[What needs to be done]:
Word for word, write the records out again, but omit each picture.

[Records provided]:

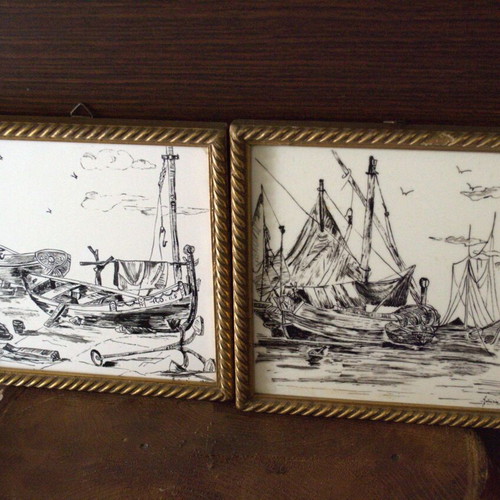 Mediterranean Coastal Ceramic Tile Plaques used, pair 1954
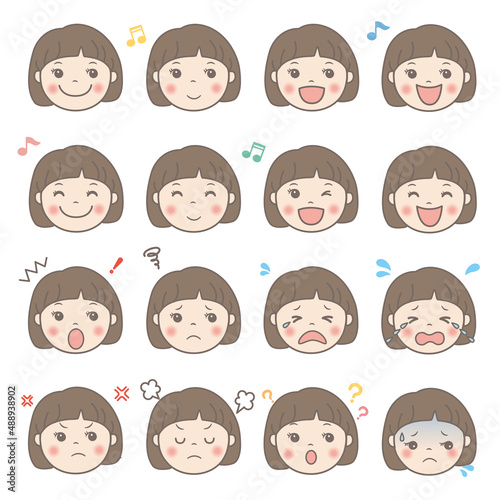 女の子イラスト（表情）おかっぱ
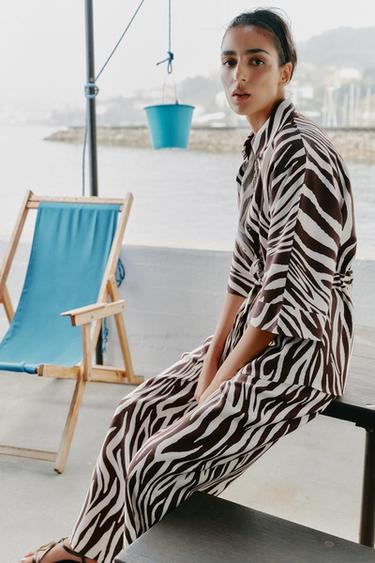 ANIMAL PRINT SAFARI SHIRT - Brown / Ecru by Zara - Image 2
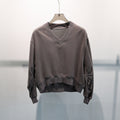 Cropped V Neck Sweatshirt With Ruched Sleeves - Taupe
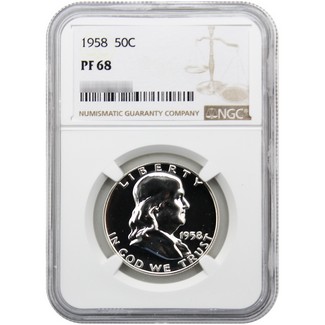 1958 Proof Franklin Half Dollar NGC PF-68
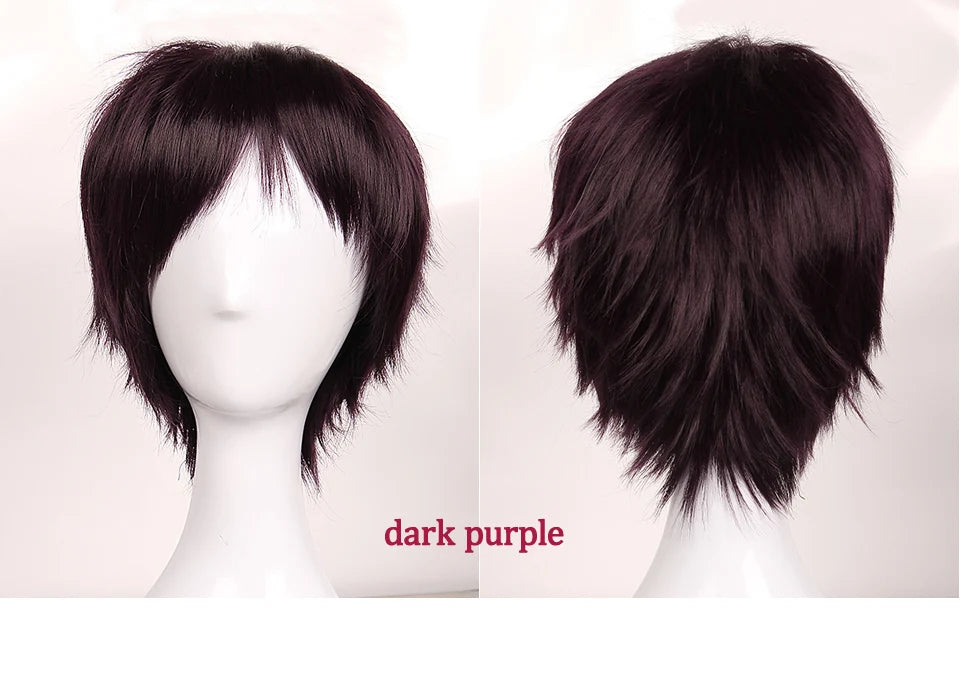 Synthetic Wig Cosplay White Red Green Blue Pink Yellow Hair Short Layer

[Written response]:
 Mediterranean Coastal Ceramic Tile Plaques used, pair 1954
 女の子イラスト（表情）おかっぱ
 ANIMAL PRINT SAFARI SHIRT - Brown / Ecru by Zara - Image 2
 Cropped V Neck Sweatshirt With Ruched Sleeves - Taupe
 1958 Proof Franklin Half Dollar NGC PF-68
 Synthetic Wig Cosplay White Red Green Blue Pink Yellow Hair Short Layer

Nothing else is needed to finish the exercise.